Problem to work on
Although the data below contains pictures, output only the lines between those holding "Friends Phoebe bumps" and "GuíaBurros Networking: Propósitos, valores", inclusive, exactly and without those pictures.

The records
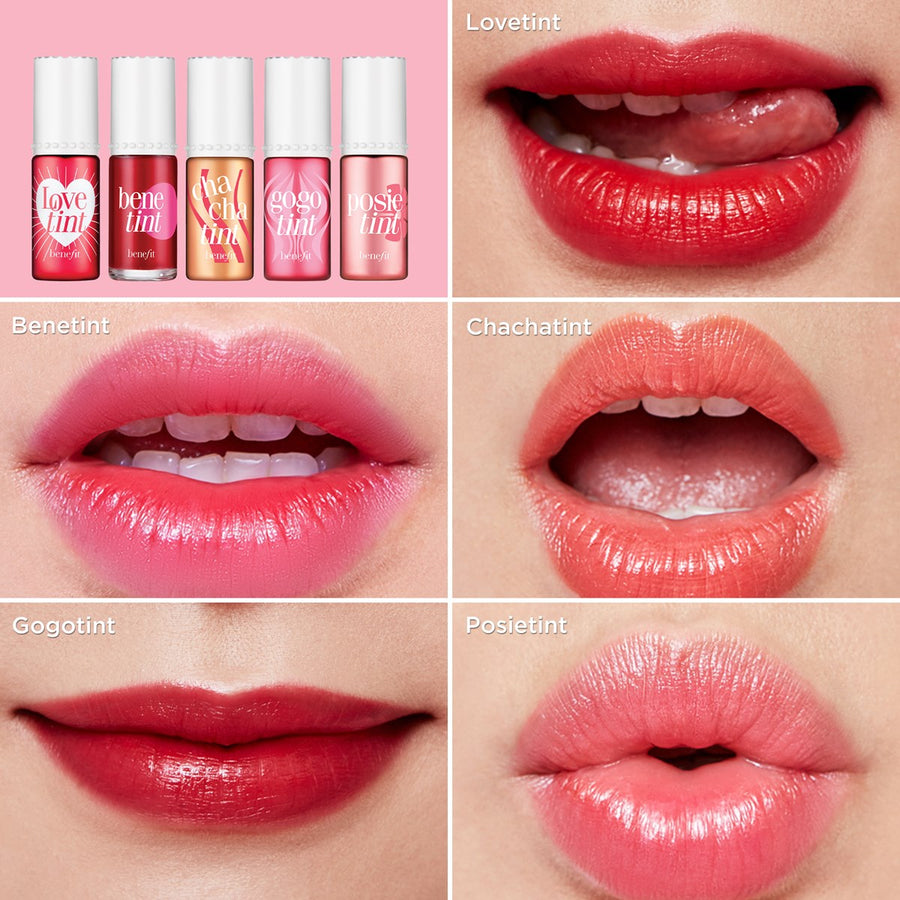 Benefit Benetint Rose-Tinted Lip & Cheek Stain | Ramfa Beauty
==
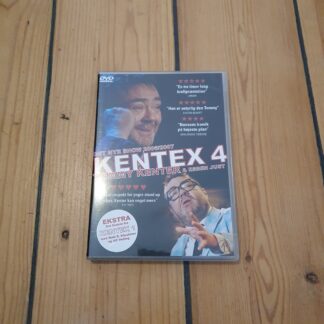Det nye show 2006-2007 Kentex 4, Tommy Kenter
==
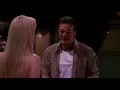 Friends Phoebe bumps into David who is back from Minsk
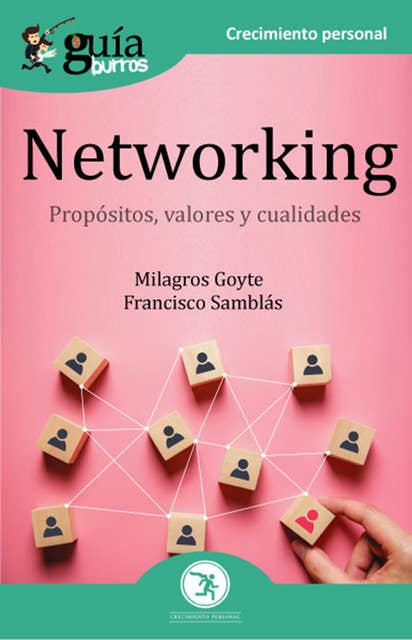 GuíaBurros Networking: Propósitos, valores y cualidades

Response to this exercise
 Friends Phoebe bumps into David who is back from Minsk
 GuíaBurros Networking: Propósitos, valores y cualidades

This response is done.